Orange County History vs. Myth

My writing classes this semester are reading Gustavo Arellano's fascinating book Orange County: a Personal History.  The theme of all my courses is "Writing About Local Issues," and this book provides a nice introduction to the strange geographical/cultural/social phenomenon known as Orange County, California.  Today, we discussed a chapter entitled "Our Climate is Faultless": Constructing America's Perpetual Eden, which explores myth vs. reality in Orange County history, particularly how and why historical myths are created.  I asked my students to discuss the following questions.  As they discussed them, I wrote my own answers, and they are as follows:

1.) What is the "Cult of the Orange Crate"? Is it based on myth or reality, or both?

The "Cult of the Orange Crate" is the version of Orange County's past based on orange crate art, which presented an idealized and beautiful past.  There was some truth to this (oranges were grown here), but what the myth hides is the violence, racism, and unjust labor relations that actually existed as part of the citrus industry.

2.) How does Zorro fit into Orange County history (or myth)?

Zorro did not actually exist.  He was a fictional hero created by author Johnston McCulley.  The Zorro stories and films were placed in a real historical setting (San Juan Capistrano, for example), but they are a mix of fact and fantasy.  Like the Cult of the Orange Crate, Zorro presented a romanticized, idealized version of the past, which masked some important realities.  Zorro prompts two questions in my mind: How does popular culture distort our view of the past?  How can we, as academics, separate fact from myth?

3.) Why is Mexican labor usually left out of the Orange County history/myth?

Mexican labor, the citrus workers who picked and packed the oranges and made them such a profitable industry, are left out of the story because they were exploited.  They were paid low wages, lived in segregated housing, and went to segregated schools.  Restoring the Mexican laborer to Orange County's history causes us to seriously re-think our idealzied myths.

4.) What was the 1936 Citrus War, and why is it usually ignored by local historians?
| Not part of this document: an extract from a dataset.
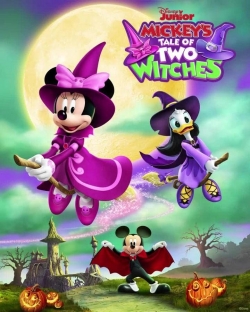 watch free Mickey’s Tale of Two Witches hd online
The 1936 Citrus War began as a strike by (mostly) Mexican citrus workers in Orange County, who wanted a union, higher wages, and better working conditions.  Rather than negotiating with the workers and acknowledging their legitimate grievances, the wealthy owners of orange groves and packinghouses violently suppressed the striking workers--arresting many, deploying sheriff's deputies, and basically acting like total fascists.  This story is usually ignored by local historans because many of the well-known Orange County pioneers basically acted like fascists toward their workers, and that (in hindsight) is embarrassing.

And then we discussed these questions together as a class.  What began as a local/regional discussion evolved into a larger philosophical discussion of how we know anything.  In what sense is our sense of reality based on myths?  How do we find the truth?  This, the desire to pluck truth from falsehood, is at the heart of academic reasarch and writing.  While we can never be 100 percent certain that our version of history/reality is correct, there is value in diving into the struggle to understand, and this takes a lot of work and reading.  In the case of local history, it involves reading things most people would find profoundly boring--news paper archives, oral histories, academic theses and dissertations, journals, government records, etc.  That is the task of the researcher.

The task of the writer is to take all that raw material and fashion it, like an artist, into something meaningful, coherent, and (hopefully) not boring, and (hopefully) truer than popular myths.  This is a difficult and ongoing endeavor, but (in my experience) it has the power to radically change the way people think about their past, present, and future.